Scientific Research

What kind of research is Kanyana involved in?

Kanyana has significantly contributed to native animal health by being involved in many research projects. Researchers have looked into bobtail flu (also called Upper Respiratory Tract Infection/URTI), bobtails as intermediate hosts of the nematode Abbreviata antartica, health management of bilbies, and the wart virus found in Western Barred Bandicoots.

At the 2016 Australian Wildlife Rehabilitation Conference in Melbourne, Kanyana volunteer Lindy Brice presented a paper on AGY. You can download it here (PDF 5.6MB).

At the 2018 Australian Wildlife Rehabilitation Conference in Sydney, Kanyana volunteers Lindy Brice and Gwyneth Thomas presented a paper on Coccidia. You can download it here

At the 2018 Australian Wildlife Rehabilitation Conference in Sydney, Kanyana volunteer Carol Jackson presented a paper on Improving Treatment Outcomes for Bobtail Lizards. You can download it here

Why does Kanyana do scientific research?

Kanyana has access to thousands of native animals every year, who are often sick or diseased. As well as our mandate to rehabilitate wildlife, we have the opportunity to partner with universities to study what causes sickness – and how to treat it – as well as study the general life habits of some of the rarer species. 
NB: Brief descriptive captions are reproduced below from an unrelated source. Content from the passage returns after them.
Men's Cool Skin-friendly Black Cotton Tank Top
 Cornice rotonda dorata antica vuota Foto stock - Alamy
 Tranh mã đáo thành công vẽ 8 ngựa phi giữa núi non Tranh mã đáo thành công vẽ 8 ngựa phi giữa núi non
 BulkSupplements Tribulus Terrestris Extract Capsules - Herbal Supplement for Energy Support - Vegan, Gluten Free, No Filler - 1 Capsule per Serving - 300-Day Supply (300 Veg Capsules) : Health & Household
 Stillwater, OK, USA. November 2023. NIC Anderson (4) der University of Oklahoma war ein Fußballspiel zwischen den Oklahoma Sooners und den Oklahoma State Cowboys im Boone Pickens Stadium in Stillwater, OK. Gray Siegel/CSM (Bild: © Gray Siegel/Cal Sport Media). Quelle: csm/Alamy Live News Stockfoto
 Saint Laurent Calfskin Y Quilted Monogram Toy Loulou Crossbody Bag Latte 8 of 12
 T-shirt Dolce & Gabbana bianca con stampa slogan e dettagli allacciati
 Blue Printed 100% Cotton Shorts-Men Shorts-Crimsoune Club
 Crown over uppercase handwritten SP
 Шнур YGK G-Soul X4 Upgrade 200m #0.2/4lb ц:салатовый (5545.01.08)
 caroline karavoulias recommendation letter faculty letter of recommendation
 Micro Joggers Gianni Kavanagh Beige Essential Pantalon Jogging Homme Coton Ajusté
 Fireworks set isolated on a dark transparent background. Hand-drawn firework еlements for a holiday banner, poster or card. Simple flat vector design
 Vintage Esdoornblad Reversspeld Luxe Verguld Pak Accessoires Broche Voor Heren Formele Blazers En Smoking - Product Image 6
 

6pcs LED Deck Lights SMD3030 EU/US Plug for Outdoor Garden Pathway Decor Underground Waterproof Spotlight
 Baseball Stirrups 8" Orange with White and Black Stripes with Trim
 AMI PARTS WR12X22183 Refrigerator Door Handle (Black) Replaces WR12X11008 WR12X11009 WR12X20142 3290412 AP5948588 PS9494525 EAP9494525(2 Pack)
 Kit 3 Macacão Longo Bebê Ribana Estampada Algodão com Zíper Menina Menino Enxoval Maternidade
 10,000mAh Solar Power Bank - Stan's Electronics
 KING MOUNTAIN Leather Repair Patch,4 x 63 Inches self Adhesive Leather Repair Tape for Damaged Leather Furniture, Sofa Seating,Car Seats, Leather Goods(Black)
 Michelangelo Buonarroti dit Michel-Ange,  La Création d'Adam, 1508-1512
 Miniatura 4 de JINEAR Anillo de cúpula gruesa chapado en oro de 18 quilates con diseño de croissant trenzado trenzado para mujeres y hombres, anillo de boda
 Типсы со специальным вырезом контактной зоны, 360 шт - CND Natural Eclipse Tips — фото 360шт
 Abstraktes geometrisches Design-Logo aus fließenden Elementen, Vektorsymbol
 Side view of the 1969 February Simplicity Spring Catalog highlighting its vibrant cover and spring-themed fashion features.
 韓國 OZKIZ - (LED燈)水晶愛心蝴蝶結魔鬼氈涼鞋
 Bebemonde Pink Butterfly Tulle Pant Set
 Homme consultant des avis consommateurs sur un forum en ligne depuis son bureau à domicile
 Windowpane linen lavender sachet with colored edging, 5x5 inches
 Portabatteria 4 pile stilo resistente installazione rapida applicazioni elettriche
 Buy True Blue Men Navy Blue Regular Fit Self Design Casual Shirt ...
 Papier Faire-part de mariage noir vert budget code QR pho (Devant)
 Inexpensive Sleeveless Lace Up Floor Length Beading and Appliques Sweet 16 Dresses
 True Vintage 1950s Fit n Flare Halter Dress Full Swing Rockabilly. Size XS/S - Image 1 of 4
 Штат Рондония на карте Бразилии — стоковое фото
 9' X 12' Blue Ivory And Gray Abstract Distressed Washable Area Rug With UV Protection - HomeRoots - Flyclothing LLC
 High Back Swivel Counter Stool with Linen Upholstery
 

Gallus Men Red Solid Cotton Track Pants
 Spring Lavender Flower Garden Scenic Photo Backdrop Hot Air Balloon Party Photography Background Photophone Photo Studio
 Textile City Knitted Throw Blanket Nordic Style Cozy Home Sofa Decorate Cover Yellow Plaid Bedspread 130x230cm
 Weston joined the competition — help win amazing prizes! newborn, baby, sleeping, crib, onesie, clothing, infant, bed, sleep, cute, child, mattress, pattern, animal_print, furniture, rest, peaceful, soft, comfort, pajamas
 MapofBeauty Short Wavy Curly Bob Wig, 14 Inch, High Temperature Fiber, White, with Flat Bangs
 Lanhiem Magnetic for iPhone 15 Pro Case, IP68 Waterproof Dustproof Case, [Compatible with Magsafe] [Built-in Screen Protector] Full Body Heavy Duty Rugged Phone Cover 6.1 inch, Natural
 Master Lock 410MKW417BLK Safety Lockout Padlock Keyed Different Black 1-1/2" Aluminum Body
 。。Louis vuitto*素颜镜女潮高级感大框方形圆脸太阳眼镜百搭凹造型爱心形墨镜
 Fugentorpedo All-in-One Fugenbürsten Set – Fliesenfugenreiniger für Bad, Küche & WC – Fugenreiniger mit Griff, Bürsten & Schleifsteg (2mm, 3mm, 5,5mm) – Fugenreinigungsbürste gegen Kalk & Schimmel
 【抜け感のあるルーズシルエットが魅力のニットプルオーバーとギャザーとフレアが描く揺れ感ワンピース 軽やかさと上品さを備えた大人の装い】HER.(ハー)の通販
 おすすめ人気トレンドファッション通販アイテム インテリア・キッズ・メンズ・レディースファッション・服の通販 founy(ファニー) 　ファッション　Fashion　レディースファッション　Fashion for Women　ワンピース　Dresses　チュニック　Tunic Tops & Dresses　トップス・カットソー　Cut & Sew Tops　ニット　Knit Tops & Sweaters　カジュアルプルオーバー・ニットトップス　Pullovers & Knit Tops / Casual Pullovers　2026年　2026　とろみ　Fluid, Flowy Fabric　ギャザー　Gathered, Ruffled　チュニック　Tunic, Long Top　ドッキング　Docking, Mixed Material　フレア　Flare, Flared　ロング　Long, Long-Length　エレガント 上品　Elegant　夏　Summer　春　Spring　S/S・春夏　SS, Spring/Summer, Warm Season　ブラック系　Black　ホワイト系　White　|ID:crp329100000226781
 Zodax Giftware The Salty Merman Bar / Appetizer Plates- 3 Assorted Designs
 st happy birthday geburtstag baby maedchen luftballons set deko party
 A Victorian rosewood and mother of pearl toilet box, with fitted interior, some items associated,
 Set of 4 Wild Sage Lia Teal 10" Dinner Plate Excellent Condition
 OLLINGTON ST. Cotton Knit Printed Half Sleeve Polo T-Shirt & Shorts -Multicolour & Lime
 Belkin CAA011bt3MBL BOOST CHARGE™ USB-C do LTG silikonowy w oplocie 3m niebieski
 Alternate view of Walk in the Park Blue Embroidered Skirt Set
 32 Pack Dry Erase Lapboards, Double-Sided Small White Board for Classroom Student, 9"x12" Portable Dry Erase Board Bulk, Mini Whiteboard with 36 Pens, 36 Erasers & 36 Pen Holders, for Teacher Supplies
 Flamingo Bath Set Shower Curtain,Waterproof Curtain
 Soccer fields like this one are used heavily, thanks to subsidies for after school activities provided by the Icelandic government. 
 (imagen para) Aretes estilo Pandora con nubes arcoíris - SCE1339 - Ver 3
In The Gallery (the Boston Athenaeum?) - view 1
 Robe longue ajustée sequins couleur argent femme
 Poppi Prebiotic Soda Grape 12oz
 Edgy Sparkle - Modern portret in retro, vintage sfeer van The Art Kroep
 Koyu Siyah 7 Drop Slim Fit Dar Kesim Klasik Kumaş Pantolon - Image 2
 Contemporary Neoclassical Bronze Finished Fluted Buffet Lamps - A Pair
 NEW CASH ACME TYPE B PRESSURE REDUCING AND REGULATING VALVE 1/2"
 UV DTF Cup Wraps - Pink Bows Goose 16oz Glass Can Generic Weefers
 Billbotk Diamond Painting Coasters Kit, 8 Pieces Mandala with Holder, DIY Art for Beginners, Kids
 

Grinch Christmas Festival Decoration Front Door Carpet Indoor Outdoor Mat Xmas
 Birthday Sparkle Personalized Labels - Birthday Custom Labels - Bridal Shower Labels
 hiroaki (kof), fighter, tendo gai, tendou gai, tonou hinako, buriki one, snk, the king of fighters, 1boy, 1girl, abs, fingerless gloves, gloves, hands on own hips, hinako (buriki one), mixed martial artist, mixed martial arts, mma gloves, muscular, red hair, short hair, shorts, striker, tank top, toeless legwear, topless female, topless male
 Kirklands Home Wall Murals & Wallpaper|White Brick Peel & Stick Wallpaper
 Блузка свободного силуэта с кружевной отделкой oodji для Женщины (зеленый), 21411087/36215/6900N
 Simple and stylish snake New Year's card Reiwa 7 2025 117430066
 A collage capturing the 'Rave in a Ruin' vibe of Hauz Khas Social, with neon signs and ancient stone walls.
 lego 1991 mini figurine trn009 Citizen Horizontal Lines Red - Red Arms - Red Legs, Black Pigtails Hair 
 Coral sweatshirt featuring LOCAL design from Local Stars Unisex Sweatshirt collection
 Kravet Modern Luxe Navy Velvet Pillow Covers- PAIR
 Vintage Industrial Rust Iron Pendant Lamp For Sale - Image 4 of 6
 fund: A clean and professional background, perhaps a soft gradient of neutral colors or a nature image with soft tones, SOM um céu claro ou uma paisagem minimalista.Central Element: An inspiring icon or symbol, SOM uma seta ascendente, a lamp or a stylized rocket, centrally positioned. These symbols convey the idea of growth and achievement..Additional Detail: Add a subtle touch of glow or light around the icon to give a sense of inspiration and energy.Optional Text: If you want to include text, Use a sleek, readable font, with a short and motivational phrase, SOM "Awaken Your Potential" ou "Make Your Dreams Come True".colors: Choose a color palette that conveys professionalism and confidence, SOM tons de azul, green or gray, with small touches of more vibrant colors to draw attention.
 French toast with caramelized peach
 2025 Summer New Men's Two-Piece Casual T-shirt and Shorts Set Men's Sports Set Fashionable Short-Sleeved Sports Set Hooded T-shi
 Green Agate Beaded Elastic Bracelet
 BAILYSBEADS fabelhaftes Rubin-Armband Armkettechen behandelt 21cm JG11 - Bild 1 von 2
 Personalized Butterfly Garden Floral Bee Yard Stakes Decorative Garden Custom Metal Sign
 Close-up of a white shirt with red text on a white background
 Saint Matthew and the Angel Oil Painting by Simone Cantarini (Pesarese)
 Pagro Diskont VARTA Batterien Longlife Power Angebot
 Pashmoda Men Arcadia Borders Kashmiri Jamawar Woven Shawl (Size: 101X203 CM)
Who does Kanyana work and partner with?

Research at Kanyana is conducted by researchers from a variety of institutions including Murdoch University, University of Western Australia, Edith Cowan University and Curtin University.

Kanyana has been recognised for its unique wildlife training potential and has a formal education and training role with Murdoch University and informal roles with Curtin University and UWA. Undergraduate veterinary students spend a set time at Kanyana, as part of their 2nd year and 5th year course requirements, to gain and further their experience with wildlife. Postgraduate students in Conservation Medicine can complete their practical placements at eight facilities around the world; Kanyana is one of them.

Has Kanyana been responsible for any new discoveries?

There have been numerous new species of coccidia discovered at Kanyana. The first of these, Eimeria kanyana was discovered in western barred bandicoots in 2006 and the work published in the Journal of Parasitology 92 (6) (2006) 1292-1294.  Researchers from Murdoch University have recently discovered and partially characterized a novel Nidovirus that is associated with respiratory disease in wild shingleback lizards (PLOS One 11 (11) (2016).

Where can we read the published papers?

You can purchase journal articles online through the Journal of Parasitology or the Journal of Experimental Parasitology (for the other new species of coccidia discovered).  If you are a student or staff member of a university, you don’t have to pay; you can log in through your library and access the articles using your university’s subscription.

How can I get involved?

Kanyana has always tried to accommodate self-funded researchers, and has provided research opportunities for many undergraduate, postgraduate and postdoctoral students.